Il faut poursuivre les plantations d’arbres d’alignement sur les trottoirs, sans gêner les déplacements de personnes à mobilité réduite. Je pense aussi qu’il faut intégrer la végétalisation des aménagements dès leur conception, plutôt que « débitumer » l’existant, ce qui pourrait avoir des conséquences négatives. Par exemple, végétaliser et enherber les places, conduirait à installer les marchés dans les rues.
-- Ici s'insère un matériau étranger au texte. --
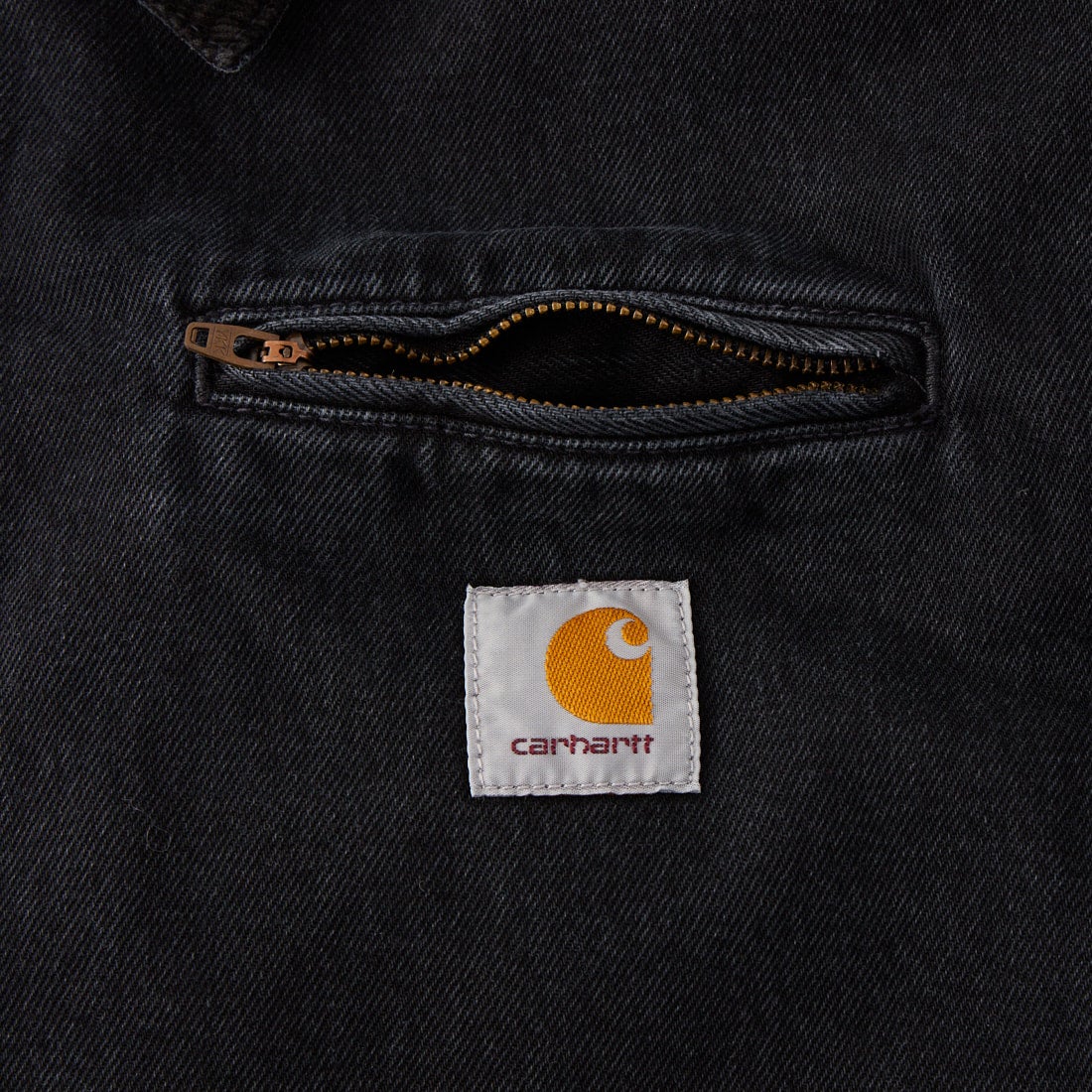 carhartt WIP [カーハートダブリューアイピー] オージーデトロイトジャケット [I037535] BLACK/BLAC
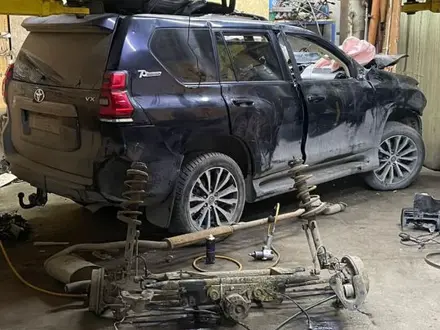 Двигатель Toyota Land Cruiser Prado 2.8 1GDFTV за 450 000 тг. в Костанай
« MAINTENANT, C’EST NOTRE ARBRE ! »

« À la Sainte Catherine, tout bois prend racine. » Ce dicton bien connu rappelle le bon moment de l’année, fin novembre, pour planter arbres et arbustes. Des élèves de CM1-CM2 du groupe scolaire Parilly ont respecté cette indication pleine de sagesse, et sont allés planter une vingtaine d’arbres dans le grand parc voisin. Une initiative de la Métropole qui veut sensibiliser les jeunes à la lutte contre le réchauffement climatique. « Les arbres sont malades à cause de la canicule, les jardiniers sont obligés de les couper » se désole Amel. Achille, lui, a adoré l’étude des feuilles. « On a vu des petites bêtes, comme les mille pattes. Elles mangent les feuilles qui tombent par terre et après, leur caca fait du terreau très bon pour les arbres. » La plantation des arbres a été un jeu d’enfant, à entendre Ali : « alors, on a pris un arbuste, on a mouillé ses racines, on a creusé un trou, on l’a mis dedans, on a mis des copeaux de bois autour et un bambou pour qu’il pousse droit, puis on a installé un grillage autour. Aussi, on a accroché notre nom sur une fiche. Maintenant, c’est notre arbre ! » Depuis, Achille y est retourné avec ses parents, pour voir s’ils avaient poussé. « Ça ne va pas vite », a-t-il observé…

 


EN EUROPE, UN ARBRE SUR DEUX MENACÉ D’EXTINCTION

Des 454 espèces d’arbres européens, 42 % sont menacées d’extinction, selon l’Union internationale pour la conservation de la nature. Plus inquiétant, 58 % des arbres endémiques d’Europe (ceux qui n’existent nulle part ailleurs sur la planète) sont menacés et 15 % ont été classés dans la catégorie « en danger critique », dernier palier avant l’extinction. Les sorbiers, l’orme de montagne, le marronnier ou certains lauriers font partie des espèces les plus menacées.